**Your objective:**
Pictures aside, return every line below exactly as written.

**Source material:**
****************
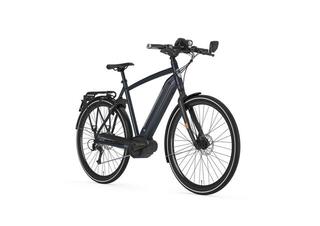 Gazelle CityZen Speed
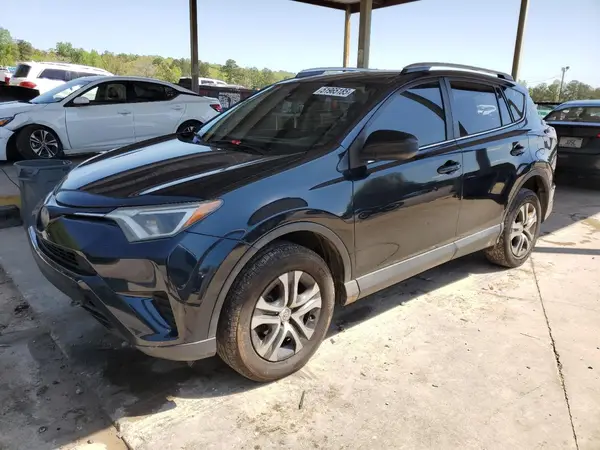 JTMZFREV5HJ146527 2017 TOYOTA RAV 4 - Image 1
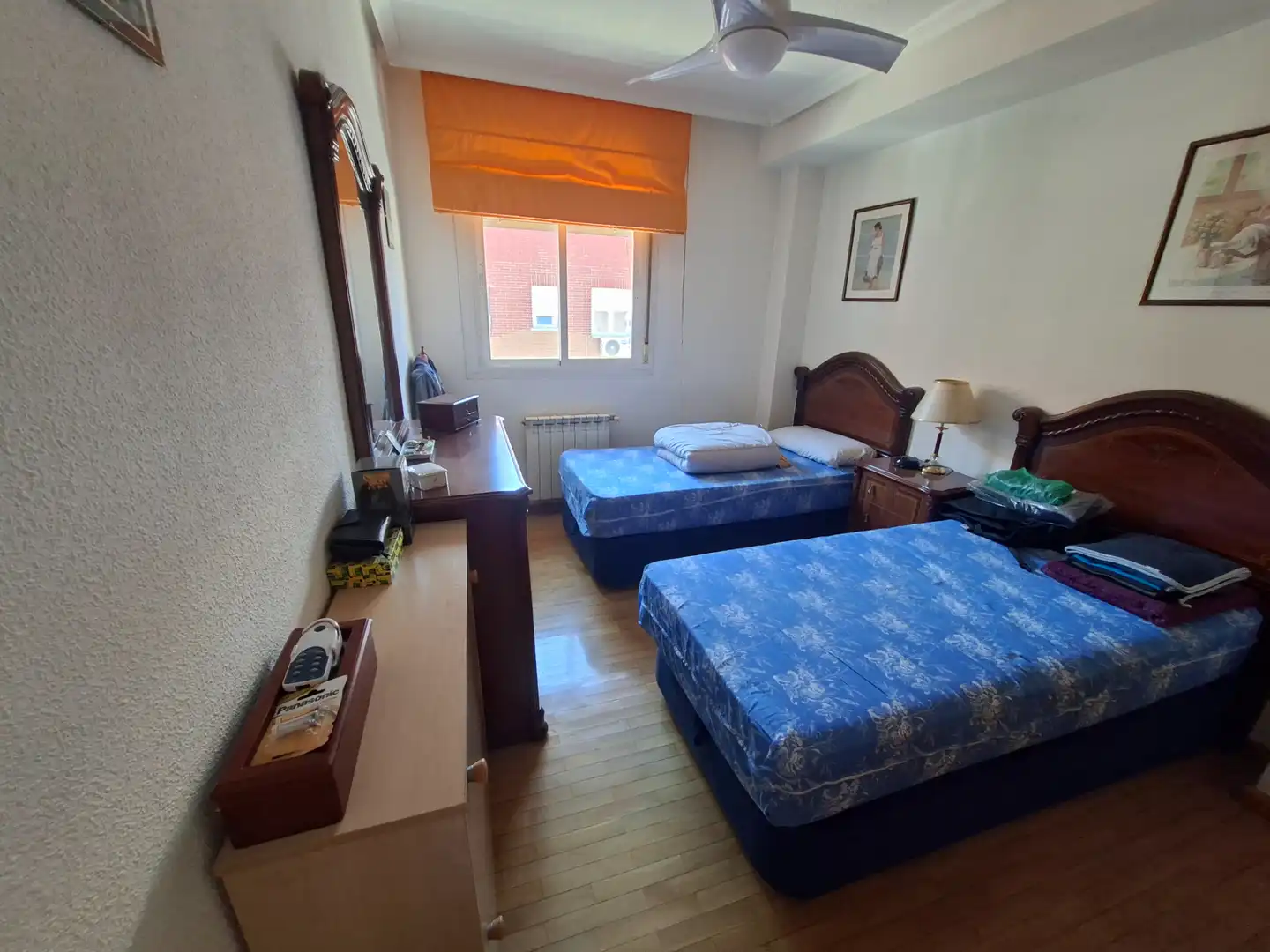 Habitación de Piso en venta en Madrid con Aire acondicionado, Calefacción y Alarma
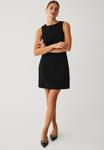 Платье Ellos Collection Day dress, Schwarz/Black - фото 2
****************
**Response area:**
 Gazelle CityZen Speed
 JTMZFREV5HJ146527 2017 TOYOTA RAV 4 - Image 1
 Habitación de Piso en venta en Madrid con Aire acondicionado, Calefacción y Alarma
 Платье Ellos Collection Day dress, Schwarz/Black - фото 2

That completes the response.